Il semblerait qu’en lettres, il y en a moins de 25 professeurs pour 45000 étudiants, en droit ,moins de 6 pour7000 étudiants, en Sciences économiques moins de quatre professeurs pour 6000 étudiants, et aucun professeur dans certains écoles et instituts….
La réforme des grades intervenue récemment est une illusion d’optique qui tend à cacher la triste réalité que vivent dramatiquement aussi bien les étudiants que les enseignants, même si certains de ces derniers ( les assistants, les maîtres assistants) ont été promus de façon vertigineuse par le fait de la loi; c’est tout juste pour relever que si l’expérience est devenue peu présente au sein de la magistrature, elle est en train de disparaître à l’université ,sans que l’on ait pourtant senti le besoin de solliciter ou de réclamer pour les valeureux chevaliers de la Science une quelconque rallonge de carrière. Les universitaires (on aurait pu aussi solliciter n’importe quel autre » grand corps » de l’Etat)seraient-ils moins utiles que les magistrats ?
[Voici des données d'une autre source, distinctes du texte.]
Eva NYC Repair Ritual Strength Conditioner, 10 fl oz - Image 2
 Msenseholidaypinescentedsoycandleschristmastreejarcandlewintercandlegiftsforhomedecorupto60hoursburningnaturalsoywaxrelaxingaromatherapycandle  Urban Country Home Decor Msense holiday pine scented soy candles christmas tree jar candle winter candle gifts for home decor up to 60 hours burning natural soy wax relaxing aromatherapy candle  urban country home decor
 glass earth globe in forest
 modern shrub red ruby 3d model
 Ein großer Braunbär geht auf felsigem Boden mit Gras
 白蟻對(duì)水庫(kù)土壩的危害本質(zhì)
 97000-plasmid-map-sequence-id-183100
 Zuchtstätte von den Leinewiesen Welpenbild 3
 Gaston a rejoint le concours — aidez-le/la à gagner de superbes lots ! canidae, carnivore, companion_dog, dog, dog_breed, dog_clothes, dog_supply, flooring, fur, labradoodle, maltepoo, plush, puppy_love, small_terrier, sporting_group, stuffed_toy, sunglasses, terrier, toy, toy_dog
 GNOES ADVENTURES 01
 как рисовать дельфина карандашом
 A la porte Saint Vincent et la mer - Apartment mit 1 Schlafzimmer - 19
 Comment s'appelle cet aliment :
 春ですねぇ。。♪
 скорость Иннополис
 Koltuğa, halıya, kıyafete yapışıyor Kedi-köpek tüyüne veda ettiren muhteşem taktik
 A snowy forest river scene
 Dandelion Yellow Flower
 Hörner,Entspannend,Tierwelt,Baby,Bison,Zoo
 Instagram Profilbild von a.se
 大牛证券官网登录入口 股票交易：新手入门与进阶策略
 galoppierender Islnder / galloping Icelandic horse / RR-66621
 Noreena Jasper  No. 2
L’empressement à vouloir faire passer un texte contesté ne traduit-il pas une vilenie dont on ne veut pas dévoiler les contours entachés d’ignominie et de fourberie pour le plus grand mal de la justice ,des juges et de la citoyenneté ; la magistrature ne mérite pas cela, l’université de même, et demain non plus ,l’inspection générale d’Etat ou celle du Trésor ou des Douanes.
Les autorités doivent savoir raison garder et se ressaisir en évitant de susciter des conflits inutiles dont on pourrait se passer volontiers sans coup férir.